Seseorang akan menuntut pujian ketika ia merasa pekerjaannya sudah benar, ya ‘kan? If someone really into something they like the most, dia pasti akan memperjuangkan, iya ‘kan? Dia pasti akan memikirkan hal yang lebih dari yang sebelumnya pernah dilakukan. Tapi sebelum hal lebih itu terealisasikan, pasti dia mau memastikan dulu, apakah hal-hal yang dilakukan sebelumnya sudah dianggap jerih payahnya?

Jika aku tidak menyukai pekerjaanku dan terpaksa melakukannya, maka aku tidak akan menuntut apresiasi apapun. Aku akan sangat malu jika mendapatkan apresiasi pada hal yang tidak serius kulakukan dengan sepenuh hati,

Benar ‘kan nalarku kali ini?

Kalau boleh sombong sesombong-sombongnya, atasanku adalah salah satu orang yang beruntung telah memilihku untuk posisi itu. Sebab aku menyukainya, pekerjaannya sedikit banyak cocok dengan kemampuan dan ketertarikanku. Aku tidak merasakan beban yang berat (kecuali ketika aku diminta kerja saat weekend) saat melakukan pekerjaanku. Dan aku pasti akan melakukan yang terbaik yang aku bisa.

Asal ada apresiasi yang cukup.

Ya karena sejak SMA aku sudah dipuji karya-karyanya. Sudah dikagumi nalarnya.

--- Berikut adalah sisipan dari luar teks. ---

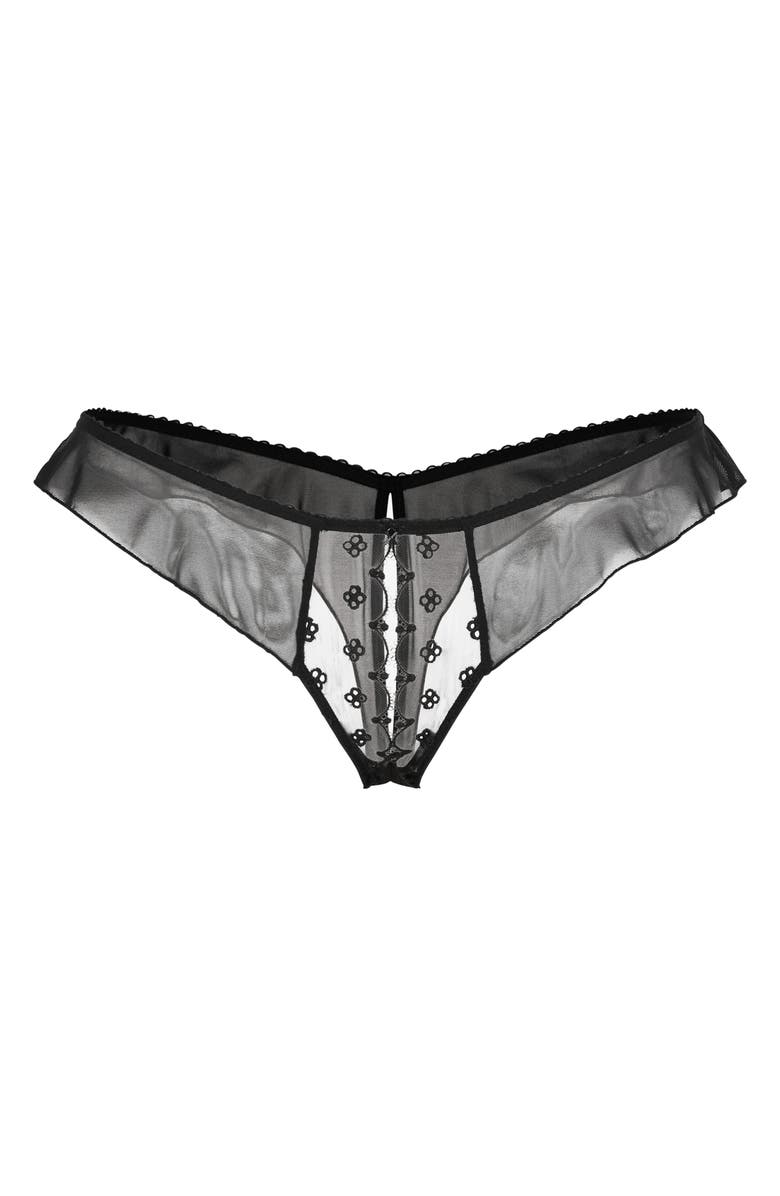 SAVAGE X FENTY Sweet Fetish Crotchless Brazilian Panties, Alternate, color, Black Caviar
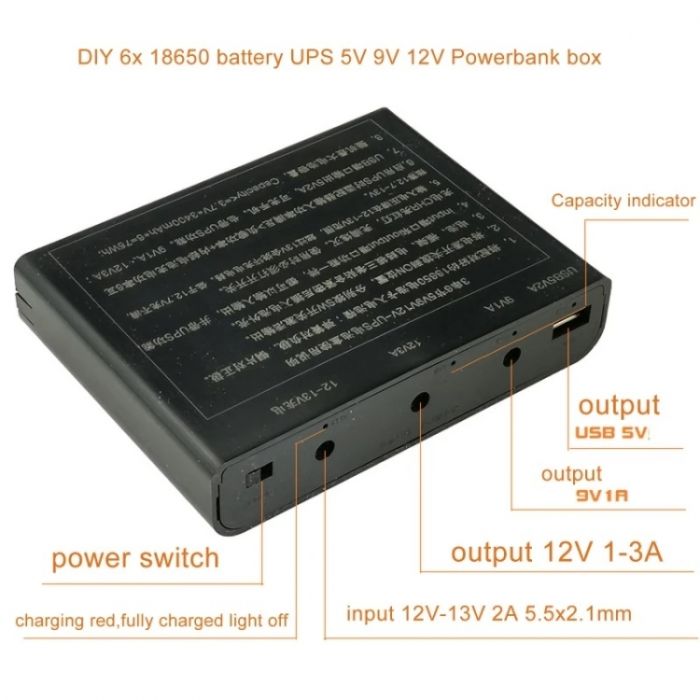 Бесперебойник ups для роутера и видеонаблюдения 9в 12в USB 5В 12000mah сменные аккумуляторы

Thanks God I born to be an INFP, kemampuan imajinasi yang luas, menjelaskan hal secara detail dan lengkap, peyuka literasi dan metamorfosa untuk pengekspresian diri, kejelian dalam mendengarkan cerita orang, kepedulian akan kesulitan yang dihadapi teman, pemilik keteguhan prinsip yang sulit dipengaruhi lingkungan, individualis cuek dan misterius yang sulit dimanfaatkan.

Gila! Aku keren banget!

Tapi masih aja sendiri dan pengen mati.

Wait—aku kan punya banyak hobi. Waktunya balik nonton Hospital Playlist, sih.